Thematisiert werden die unterschiedlichen Bedürfnisse, Möglichkeiten und Gewohnheiten einer derart vielfältigen Bevölkerung aber wenig. Der Tageblatt-Schreiber polemisiert gegen ein „Lumpenproletariat“, das sich nicht zu benehmen wisse. Das klingt im schlimmsten Fall nach Ressentiments gegen Arme, im besten Fall ist es ein Alarmsignal dafür, dass die Vielfalt der Stadt an ihre Grenzen stößt. Und die Toleranz mancher Bewohner. Esch ist eine Arbeiterstadt. Die Stahlindustrie und die Aussicht auf ein besseres Leben lockten viele Menschen aus dem Süden Europas in die Stadt, heute noch. Bald schon dürfte Esch die 40 000-Einwohner-Marke knacken. Anders als in der Hauptstadt, wo im Zentrum Geschäftsräume Bewohner von der Mitte der Stadt an den Rand gedrängt haben, wohnen in Esch Luxemburger, Portugiesen, Italiener, Kapverdianer mitten im Stadtkern.

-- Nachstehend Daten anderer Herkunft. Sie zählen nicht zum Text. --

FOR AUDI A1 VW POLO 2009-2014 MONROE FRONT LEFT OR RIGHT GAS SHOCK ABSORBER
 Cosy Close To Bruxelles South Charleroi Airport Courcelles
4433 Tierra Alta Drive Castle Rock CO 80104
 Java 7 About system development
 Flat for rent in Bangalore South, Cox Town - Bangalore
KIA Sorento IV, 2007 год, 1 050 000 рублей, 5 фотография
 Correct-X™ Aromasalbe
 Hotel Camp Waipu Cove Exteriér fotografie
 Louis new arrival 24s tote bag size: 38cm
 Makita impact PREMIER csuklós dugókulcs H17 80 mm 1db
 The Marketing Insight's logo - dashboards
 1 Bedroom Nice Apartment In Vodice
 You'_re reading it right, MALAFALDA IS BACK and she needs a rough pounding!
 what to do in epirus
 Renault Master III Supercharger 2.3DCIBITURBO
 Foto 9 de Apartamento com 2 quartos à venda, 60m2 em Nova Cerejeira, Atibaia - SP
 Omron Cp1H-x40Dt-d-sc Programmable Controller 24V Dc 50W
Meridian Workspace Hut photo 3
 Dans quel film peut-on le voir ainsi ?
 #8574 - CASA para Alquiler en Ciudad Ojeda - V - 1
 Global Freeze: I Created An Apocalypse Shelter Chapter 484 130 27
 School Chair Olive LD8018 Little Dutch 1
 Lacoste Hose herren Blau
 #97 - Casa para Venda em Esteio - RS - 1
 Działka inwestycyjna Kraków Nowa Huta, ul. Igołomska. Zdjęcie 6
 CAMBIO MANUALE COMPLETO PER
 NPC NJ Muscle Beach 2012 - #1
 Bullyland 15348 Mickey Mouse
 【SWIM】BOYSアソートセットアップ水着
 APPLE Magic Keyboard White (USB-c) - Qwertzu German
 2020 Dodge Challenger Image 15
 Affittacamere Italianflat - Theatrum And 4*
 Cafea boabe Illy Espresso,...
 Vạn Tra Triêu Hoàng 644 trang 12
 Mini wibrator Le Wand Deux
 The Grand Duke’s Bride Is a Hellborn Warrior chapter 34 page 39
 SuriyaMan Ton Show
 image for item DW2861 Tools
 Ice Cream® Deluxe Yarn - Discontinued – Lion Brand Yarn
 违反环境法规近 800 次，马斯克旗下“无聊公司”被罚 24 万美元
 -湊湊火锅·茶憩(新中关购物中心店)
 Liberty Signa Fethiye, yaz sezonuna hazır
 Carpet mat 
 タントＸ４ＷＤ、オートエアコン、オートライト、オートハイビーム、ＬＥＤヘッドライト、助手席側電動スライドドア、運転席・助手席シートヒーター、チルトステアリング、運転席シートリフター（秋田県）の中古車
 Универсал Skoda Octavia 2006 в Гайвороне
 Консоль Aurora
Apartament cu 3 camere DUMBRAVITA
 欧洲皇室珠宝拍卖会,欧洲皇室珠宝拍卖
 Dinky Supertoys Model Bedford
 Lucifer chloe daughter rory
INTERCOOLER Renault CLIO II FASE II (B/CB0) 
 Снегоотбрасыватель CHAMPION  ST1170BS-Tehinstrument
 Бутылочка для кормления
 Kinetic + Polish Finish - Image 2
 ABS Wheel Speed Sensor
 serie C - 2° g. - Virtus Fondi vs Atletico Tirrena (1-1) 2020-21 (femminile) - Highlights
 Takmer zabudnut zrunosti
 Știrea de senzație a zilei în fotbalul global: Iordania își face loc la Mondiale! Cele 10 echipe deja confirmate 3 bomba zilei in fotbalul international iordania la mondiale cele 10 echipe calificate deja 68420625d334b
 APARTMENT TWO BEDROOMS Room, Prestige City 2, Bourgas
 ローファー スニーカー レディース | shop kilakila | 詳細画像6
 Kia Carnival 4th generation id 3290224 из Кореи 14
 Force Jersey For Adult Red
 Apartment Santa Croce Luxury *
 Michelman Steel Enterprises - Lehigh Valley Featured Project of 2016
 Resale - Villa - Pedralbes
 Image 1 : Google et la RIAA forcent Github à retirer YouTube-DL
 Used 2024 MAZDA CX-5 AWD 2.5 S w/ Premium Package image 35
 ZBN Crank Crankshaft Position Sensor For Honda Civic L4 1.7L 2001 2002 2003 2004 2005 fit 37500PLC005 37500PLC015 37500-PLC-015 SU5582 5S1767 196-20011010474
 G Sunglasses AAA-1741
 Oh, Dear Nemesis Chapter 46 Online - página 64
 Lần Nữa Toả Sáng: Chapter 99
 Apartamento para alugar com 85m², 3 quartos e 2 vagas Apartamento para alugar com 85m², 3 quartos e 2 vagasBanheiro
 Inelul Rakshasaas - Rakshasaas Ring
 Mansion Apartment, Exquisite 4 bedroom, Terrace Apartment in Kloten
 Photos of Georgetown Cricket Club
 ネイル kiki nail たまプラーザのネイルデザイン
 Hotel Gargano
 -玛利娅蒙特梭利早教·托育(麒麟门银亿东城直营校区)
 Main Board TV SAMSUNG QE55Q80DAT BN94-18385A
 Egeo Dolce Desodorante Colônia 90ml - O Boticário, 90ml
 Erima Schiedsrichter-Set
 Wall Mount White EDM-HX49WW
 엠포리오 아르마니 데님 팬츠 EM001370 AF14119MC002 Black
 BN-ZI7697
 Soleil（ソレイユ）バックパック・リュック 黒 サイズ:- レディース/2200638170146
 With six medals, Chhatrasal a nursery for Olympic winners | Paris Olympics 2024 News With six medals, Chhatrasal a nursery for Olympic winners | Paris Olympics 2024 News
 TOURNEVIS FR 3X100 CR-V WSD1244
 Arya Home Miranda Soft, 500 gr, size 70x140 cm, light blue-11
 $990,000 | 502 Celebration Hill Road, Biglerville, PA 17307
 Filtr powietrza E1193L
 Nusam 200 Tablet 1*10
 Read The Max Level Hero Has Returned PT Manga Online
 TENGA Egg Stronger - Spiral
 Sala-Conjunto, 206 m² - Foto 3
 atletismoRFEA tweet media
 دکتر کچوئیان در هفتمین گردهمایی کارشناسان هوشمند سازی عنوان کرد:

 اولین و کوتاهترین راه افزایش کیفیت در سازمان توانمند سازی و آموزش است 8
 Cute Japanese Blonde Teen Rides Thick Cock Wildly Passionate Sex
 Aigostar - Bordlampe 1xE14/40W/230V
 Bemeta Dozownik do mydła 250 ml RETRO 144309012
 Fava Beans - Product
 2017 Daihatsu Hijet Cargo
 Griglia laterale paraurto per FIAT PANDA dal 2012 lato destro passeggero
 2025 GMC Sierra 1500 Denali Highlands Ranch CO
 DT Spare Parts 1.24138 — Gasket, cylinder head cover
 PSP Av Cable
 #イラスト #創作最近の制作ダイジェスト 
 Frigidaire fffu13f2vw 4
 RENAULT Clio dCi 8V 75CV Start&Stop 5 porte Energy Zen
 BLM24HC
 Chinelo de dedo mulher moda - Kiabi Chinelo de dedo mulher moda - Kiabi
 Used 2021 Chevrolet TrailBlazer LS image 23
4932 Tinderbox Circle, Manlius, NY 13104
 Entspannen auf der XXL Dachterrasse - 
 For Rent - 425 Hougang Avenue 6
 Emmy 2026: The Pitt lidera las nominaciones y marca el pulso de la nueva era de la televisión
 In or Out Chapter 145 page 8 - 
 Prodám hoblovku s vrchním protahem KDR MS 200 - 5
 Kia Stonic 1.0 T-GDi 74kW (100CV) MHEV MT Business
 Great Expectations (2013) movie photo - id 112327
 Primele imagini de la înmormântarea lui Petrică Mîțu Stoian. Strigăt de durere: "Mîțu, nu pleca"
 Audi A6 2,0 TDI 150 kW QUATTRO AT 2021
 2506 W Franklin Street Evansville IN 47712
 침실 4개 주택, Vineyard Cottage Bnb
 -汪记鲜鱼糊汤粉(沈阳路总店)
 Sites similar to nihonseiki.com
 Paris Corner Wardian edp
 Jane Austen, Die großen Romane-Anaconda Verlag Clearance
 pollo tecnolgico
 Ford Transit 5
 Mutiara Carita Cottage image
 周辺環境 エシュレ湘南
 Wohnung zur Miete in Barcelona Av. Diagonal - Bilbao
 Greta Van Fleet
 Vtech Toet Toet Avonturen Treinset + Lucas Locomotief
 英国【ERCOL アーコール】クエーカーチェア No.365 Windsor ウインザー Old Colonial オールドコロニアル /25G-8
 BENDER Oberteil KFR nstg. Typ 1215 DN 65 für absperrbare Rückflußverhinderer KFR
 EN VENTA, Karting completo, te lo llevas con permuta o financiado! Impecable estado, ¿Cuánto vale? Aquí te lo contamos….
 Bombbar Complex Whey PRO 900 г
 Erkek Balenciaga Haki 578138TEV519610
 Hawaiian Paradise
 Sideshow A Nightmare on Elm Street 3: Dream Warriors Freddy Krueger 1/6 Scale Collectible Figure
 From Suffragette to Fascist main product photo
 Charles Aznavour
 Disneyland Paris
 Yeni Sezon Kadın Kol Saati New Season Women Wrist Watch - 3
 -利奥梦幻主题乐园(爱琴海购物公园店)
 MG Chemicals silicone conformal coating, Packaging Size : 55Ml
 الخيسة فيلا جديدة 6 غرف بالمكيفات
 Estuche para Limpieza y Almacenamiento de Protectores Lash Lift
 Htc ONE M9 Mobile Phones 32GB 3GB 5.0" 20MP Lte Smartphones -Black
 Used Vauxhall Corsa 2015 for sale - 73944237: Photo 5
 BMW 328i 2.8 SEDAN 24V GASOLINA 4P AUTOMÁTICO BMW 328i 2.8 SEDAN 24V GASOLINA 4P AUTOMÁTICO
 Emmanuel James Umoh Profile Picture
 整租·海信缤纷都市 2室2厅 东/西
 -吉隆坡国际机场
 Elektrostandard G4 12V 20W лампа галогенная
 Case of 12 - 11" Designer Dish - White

Das ist es vielleicht, was die Stadtführung unterschätzt: Dass das Nebeneinander verschiedenster Bevölkerungsgruppen nicht automatisch ein Miteinander ist. Zumal in Krisenzeiten. Wer durch die Stadt schlendert, dem fallen scharfe Gegensätze auf engstem Raum auf. Der üppige Rathausvorplatz glänzt mit moderner Bushaltestelle, das neue Gerichtsgebäude strotzt als weißer wuchtiger Würfel. Die Sanierung des Theaters kostete Millionen, der Platz vor der Brillschule wurde ebenfalls nach langem Streit umgestaltet. Dort verbietet jetzt ein Schild das Ballspielen. Per Verordnung soll „ein harmonischeres Bild“ bei den Café-Terrassen entstehen. Plakate werben derweil für die Uni, deren Umzug auf sich warten lässt. Nur einen Straßenzug weiter aber ist der Straßenbelag aufgeplatzt, drängen sich Autos und Menschen dicht an dicht. Am Bahnhof und in Al Esch finden sich mehr Häuser, an denen die Fassade bröckelt, wo überfüllte Müllcontainer am Straßenrand stehen oder der Müll auf die Straße geworfen wird.
Im Ausland gibt es Quartierläden, die als Bürger-Treffpunkte dienen, wo Nachbarschaftskonflikte besprochen werden und die Annäherung zwischen unterschiedlichen Interessengruppen professionell organisiert wird. Und zwar so, dass sich möglichst viele angesprochen fühlen. Dezidiert interkulturelle Projekte gibt es aber in ganz Luxemburg noch wenige, obwohl Luxemburg den höchsten Ausländeranteil im gesamten EU-Raum hat. Esch probiert Ähnliches, etwa mit den Nachbarschaftsfesten. Sie hängen aber von der Initiative Einzelner ab. „Vielleicht sollte man das institutionalisieren“, überlegt Jorsch Kass. Zielgerichtete Angebote gibt es: in den Vereinen, in den Maisons relais, bei den Kulturangeboten. Aber vielleicht noch zu wenig? Der Jugenddienst will sich demnächst mit dem Comité Spencher treffen. Das Komitee wurde ins Leben gerufen, als 2002 ein kapverdischer Jugendlicher nach einem Diskobesuch erstochen wurde. Die Zusammenarbeit war schon vor dem Erscheinen des polemischen Tageblatt-Artikels geplant. Das ist erfolgversprechender: kontinuierliche Angebote statt vorübergehender Aktivismus und Polemik.